Advantages and disadvantages

Potential benefits
U-Pass programs offer students a way to lower their transportation costs while at school and also benefit the local community and the environment. U-Pass programs can provide the following benefits:

 Save students money — a U-Pass costs less than the amount students would otherwise pay for regular monthly passes or tickets over the course of a term
 Reduce demand for parking on campus (thus less resources spent on constructing parking facilities and more valuable land available for university development) — the more incentive there is for students to take public transportation, the less students there will be who drive to school in their own vehicles.
 Improve the transit system that the university's students and employees rely upon — U-Pass programs often allow for more bus routes and/or better transit service to the institution
 Reduce traffic congestion around the campus and local community — the more people willing to take the bus to university, the less traffic there will be in and around the area
 Contribute to fewer emissions and a reduction to greenhouse gas emissions (consistent with the American College and University President's Climate Commitment)
 Stimulate public transportation ridership, particularly during off-peak, non-commuting hours, thereby filling excess capacity
 Provide a regular and reliable revenue source for transit authorities that may otherwise be low on funding
 Create a sense of brand loyalty and transit travel patterns among students who will be prospective customers in their post-college years
 Reduce the cost burden for local taxpayers to fund public transportation

Potential costs
U-Pass programs that require a 100% adoption rate by universities may subsidize the U-Pass at the expense of students who drive, walk, or bike to school and who do not use transit to get to other locations. Some U-Pass programs offer exemptions for students with mobility restrictions and students who live out of the program range, such as exemptions for students who live in Quebec but commute to school in Ottawa, Ontario.

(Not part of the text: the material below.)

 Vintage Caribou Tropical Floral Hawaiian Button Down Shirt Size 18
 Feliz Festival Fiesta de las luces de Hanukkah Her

Other disadvantages include:

 Not able to benefit from the lower cost of U-Pass if students are travelling to school with a different transit system that does not receive U-Pass funding
 Additional load puts more strain on existing resources
 Being charged while taking a term off (e.g. vacation, study abroad, work out of town), courses not offered on campus (e.g. distant learning, graduate thesis, research projects), or being an exchange student

Canada
Thirty academic institutions throughout Canada currently participate in a U-Pass program.

In 1973, Queen's University at Kingston implemented the "Bus-It" program with Kingston Transit, making it the first university in Canada to implement a universal transit pass program. Nearby St. Lawrence College also participates in this program. Students are required to pay for the service as part of student activity fees.

United States
137 academic institutions throughout the United States currently participate in a U-Pass program, including the following.

University of Washington, King County, Washington
One of the first U-Pass programs in the United States was started at the University of Washington (UW) in conjunction with King County Metro (KCM) in the Seattle area. This program began in 1991 and now offers students access to most public transportation services in the Puget Sound region. The program was initially introduced as a short-term pilot program, only the largest transit operator in the Seattle area, KCM and the main UW campus in Seattle were involved. The pilot was so successful that it became permanent; participation is now mandatory for students at all three UW campuses, and six additional transit agencies have joined the program. Students access the bus service by using their university ID card. The UW U-Pass program is paid for mostly through a student and activity fee of $76 per quarter. The fee is highly discounted and includes full fare coverage on a number of metro, commuter, shuttle, vanpool, and car-sharing transit options.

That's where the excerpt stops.